Le « chaos constructif » s’étend dans le Sahel

En janvier 2013, la France lançait l’opération Serval qui devait porter un coup d’arrêt à des groupes terroristes. Cinq ans plus tard, rien n’est réglé et le chaos s’étend dans la région, chaos dont seuls profitent les entreprises de sécurité et d’armements.

Soldat français du DLAO basé dans le village d’Ansongo dans le cadre de l’opération Barkhane.
Fred Marie, décembre 2015.

Le 21 octobre 2017 s’est tenue à l’hôtel Radisson Blu de Bamako au Mali une réunion afin de faire le point sur les « derniers développements de la mise en œuvre de l’Accord pour la paix et la réconciliation au Mali issu du processus d’Alger1 et encourager les parties signataires à accélérer sa mise en œuvre. » À l’issue de cette réunion entre les ambassadeurs des pays membres du Conseil de sécurité des Nations unies et les membres du Comité de suivi de l’accord (CSA), un point de presse était organisé par ces derniers. Devant un parterre de journalistes, l’ambassadeur algérien et président du CSA Ahmed Boutache, tout en saluant les avancées enregistrées, a exhorté les parties à « un redoublement en termes de volonté, davantage de sincérité dans l’engagement et surtout, une plus grande confiance entre les parties et une coopération plus dense entre elles pour permettre à tous d’être au rendez-vous de l’Histoire […] ».

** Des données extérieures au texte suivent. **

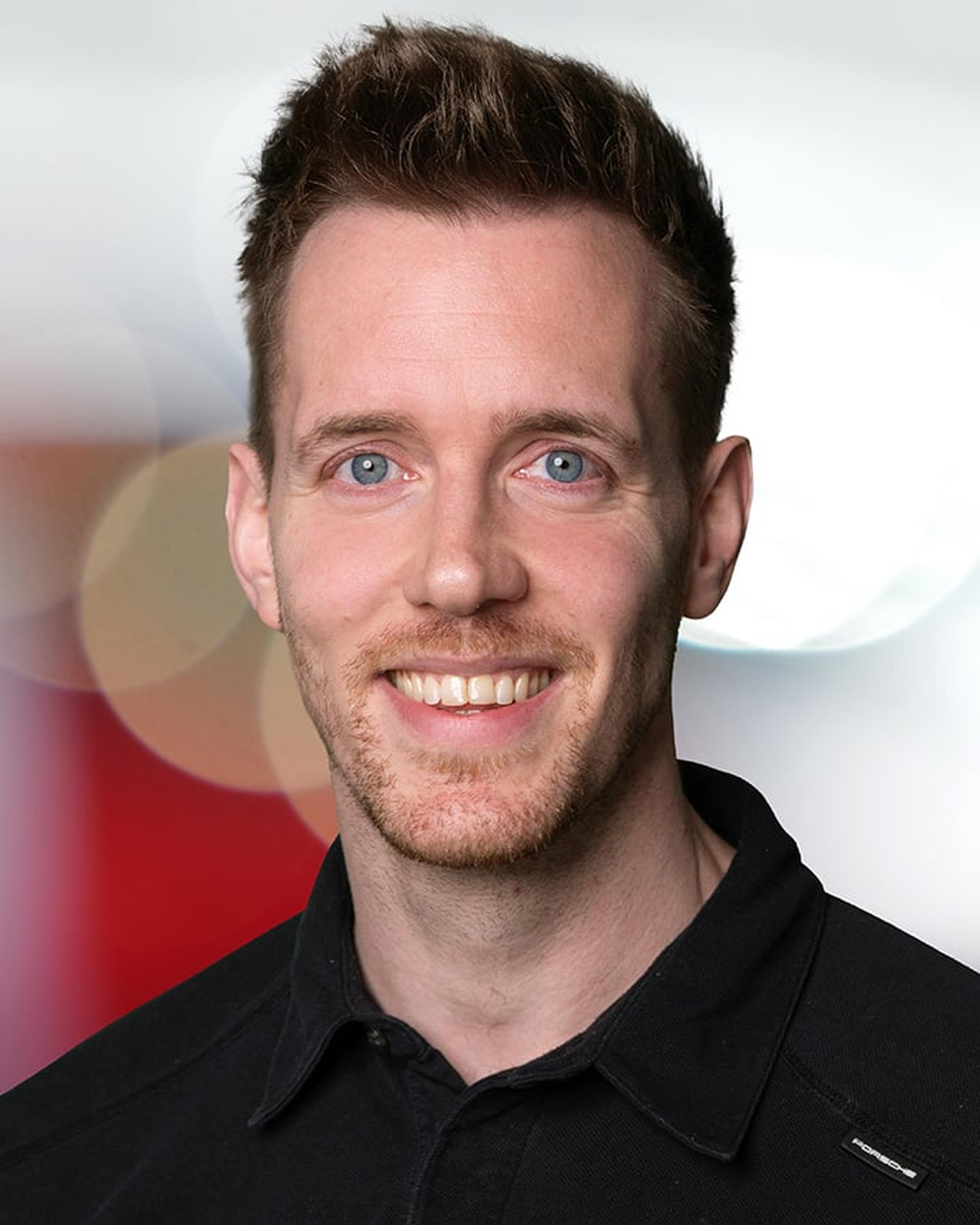 Photo of Kevin Sandke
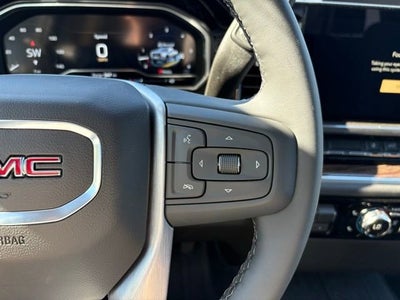 2025 GMC Sierra 2500 HD SLE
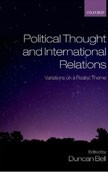 Political Thought and International Relations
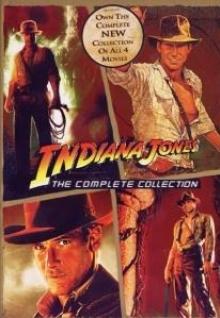  INDIANA JONES COMPLETE.. - supershop.sk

Plus de deux ans après la signature de l’accord d’Alger, force est de constater que la situation sécuritaire au Mali demeure précaire. Plus encore, le Sahel est devenu une dangereuse poudrière où l’atmosphère est pesante. Pas un jour ne se passe sans qu’il n’y ait une attaque, un vol de véhicule, d’armes ou un kidnapping. Très souvent, ces actes ne sont même pas rapportés par la presse nationale ni, bien entendu, internationale. L’« effet domino » sur les pays voisins est maintenant tangible, comme en attestent les récentes attaques au Niger. Ainsi, le 21 octobre — le jour même de la réunion tenue à Bamako —, une attaque contre un poste de gendarmerie a fait 13 morts à Ayorou, à 200 kilomètres au nord-ouest de la capitale Niamey, dans la région de Tillabéri, non loin de la frontière avec le Mali. Le 4 octobre 2017, 8 soldats (4 Américains et 4 Nigériens) trouvaient aussi la mort dans une embuscade dans cette même région. Pour rappel, selon l’ONU, au moins 46 attaques de groupes armés au Niger ont eu lieu dans la région de Tillabéri en 2016.

Sous pavillon français

Terrorisme, contrôle de l’immigration africaine vers l’Europe, stabilité, lutte contre le narcotrafic sont autant d’explications mises en avant afin de justifier la croissante présence militaire étrangère au Mali, mais aussi dans les pays voisins. Il est toutefois difficile de croire que ces arguments suffisent à l’expliquer. Car si l’opération Serval (2013-2014) a empêché la scission du Mali en deux, celle qui lui a succédé en 2014, à savoir l’opération Barkhane qui officiellement étend son quadrillage à la Mauritanie, au Niger, au Burkina Faso et au Tchad mais déborde officieusement au sud de la Libye et dans le nord du Nigeria n’a rien apporté de bon.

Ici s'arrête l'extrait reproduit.